Così nella vita concreta non pochi fedeli preferiscono avere amici senza cecità conformiste o gli stessi vincoli di appartenenza.

 

A ben guardare, persino le realtà laicali più devote manifestano un’accentuata e strana dicotomia di relazioni - tribali e altro.

Papa Francesco si è espresso in modo nitido:

«È uno scandalo quello di persone che vanno in chiesa, che stanno lì tutti i giorni e poi vivono odiando gli altri e parlando male della gente: meglio vivere come ateo anziché dare una contro-testimonianza dell'essere cristiani».

Il mondo reale sveglia e stimola alla flessibilità degli standard, non inculca qualche vetero-esattezza, in clima d’ipnosi.

Oggi la realtà globale aiuta a smussare gli spigoli di conventicola [i quali hanno i loro rigurgiti, in termini di seduzione e risucchio].

Di fronte a tali convinzioni e illusioni il Profeta marca distanza; opera per diffondere consapevolezze, non immagini rassicuranti - né idee disincarnate.

Ma gli araldi critici irritano violentemente la folla degli abituali, i quali d’improvviso passano da una sorta di curiosità allo sdegno vendicativo.

Come nel paesino, così - si legge in filigrana - nella Città Santa [Monte Sion] da cui subito ti vogliono buttare giù (Lc 4,29).

Dovunque si parli di persona reale e sogni eterni: i suoi, non altrui.

 

Nell’ostilità che li attornia, gl’intimi del Signore sfidano a viso aperto le convinzioni normalizzate, acquisite dall’ambiente e non rielaborate.

Per loro non conta solo l’analogia calcolata a un contorno meschino. Vedono altri obbiettivi e non vogliono solo “arrivare”.

Se vengono sopraffatti, lasciano dietro sé quella scia d’intuizioni che prima o poi farà riflettere sia clan dannosissimi che opportunisti inutili.

In tal guisa, negli Amici e Fratelli è il Risorto stesso che scampa.
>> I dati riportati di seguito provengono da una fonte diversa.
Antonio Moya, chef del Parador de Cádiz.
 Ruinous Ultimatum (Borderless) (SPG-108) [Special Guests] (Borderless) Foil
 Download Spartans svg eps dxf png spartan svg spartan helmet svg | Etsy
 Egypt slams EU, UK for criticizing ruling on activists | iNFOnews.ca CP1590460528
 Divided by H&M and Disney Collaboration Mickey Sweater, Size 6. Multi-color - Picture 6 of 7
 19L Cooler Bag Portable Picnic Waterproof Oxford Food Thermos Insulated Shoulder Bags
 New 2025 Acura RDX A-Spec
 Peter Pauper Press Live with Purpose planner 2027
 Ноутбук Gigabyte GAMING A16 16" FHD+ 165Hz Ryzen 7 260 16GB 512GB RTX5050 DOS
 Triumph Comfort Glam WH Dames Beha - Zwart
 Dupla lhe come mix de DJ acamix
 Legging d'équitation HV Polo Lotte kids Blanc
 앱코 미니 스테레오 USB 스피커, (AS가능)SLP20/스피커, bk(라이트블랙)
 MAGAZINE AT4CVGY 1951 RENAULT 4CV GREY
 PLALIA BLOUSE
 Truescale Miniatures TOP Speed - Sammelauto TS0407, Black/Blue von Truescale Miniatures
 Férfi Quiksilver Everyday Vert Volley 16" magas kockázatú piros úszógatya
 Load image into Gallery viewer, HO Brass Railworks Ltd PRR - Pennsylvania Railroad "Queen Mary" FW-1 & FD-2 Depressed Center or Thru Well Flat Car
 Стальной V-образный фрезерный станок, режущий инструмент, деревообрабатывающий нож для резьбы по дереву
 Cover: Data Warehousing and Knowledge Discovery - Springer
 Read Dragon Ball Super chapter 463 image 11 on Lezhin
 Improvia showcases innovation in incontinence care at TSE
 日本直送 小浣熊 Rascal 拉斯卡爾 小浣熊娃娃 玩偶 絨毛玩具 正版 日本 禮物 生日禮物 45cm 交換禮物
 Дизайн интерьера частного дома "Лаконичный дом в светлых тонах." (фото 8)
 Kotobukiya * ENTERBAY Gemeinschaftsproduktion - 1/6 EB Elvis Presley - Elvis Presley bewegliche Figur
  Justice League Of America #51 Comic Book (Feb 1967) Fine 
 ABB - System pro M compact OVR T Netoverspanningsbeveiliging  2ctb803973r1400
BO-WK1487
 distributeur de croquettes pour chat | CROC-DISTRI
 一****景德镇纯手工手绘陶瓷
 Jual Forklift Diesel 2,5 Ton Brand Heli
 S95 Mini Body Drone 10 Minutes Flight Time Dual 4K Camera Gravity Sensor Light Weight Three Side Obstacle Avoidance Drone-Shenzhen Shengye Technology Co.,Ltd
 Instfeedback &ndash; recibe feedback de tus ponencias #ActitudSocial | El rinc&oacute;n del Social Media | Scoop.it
E riprende il cammino, attraversando chi vuol farlo fuori (v. 30) per motivi d’interesse personale o tornaconto di quartiere.

 

In ogni tempo, i testimoni fanno pensare: non cercano complimenti e risultati piacevoli, ma recuperano i lati opposti e accettano la felicità altrui.

Sanno che l’Unicità deve fare la sua corsa: sarà ricchezza per tutti, e su questo punto non si lasciano inibire dalla nomenclatura.

Pur circondati dall’odio invidioso e mortale d’idioti astuti e sinagoghe consolidate, annunciano l’Amore in Verità - né bufale burine (approvate quanto vuote) né secondi fini (utilità in solido).

Infatti, senza mungere e tosare gli sprovveduti, tali missionari danno impulso al coraggio e alla crescita altrui, all’autonomia delle scelte.

Tutto ciò, favorendo la coesistenza degli invisibili e disprezzati; in un clima di comprensione e spontaneità.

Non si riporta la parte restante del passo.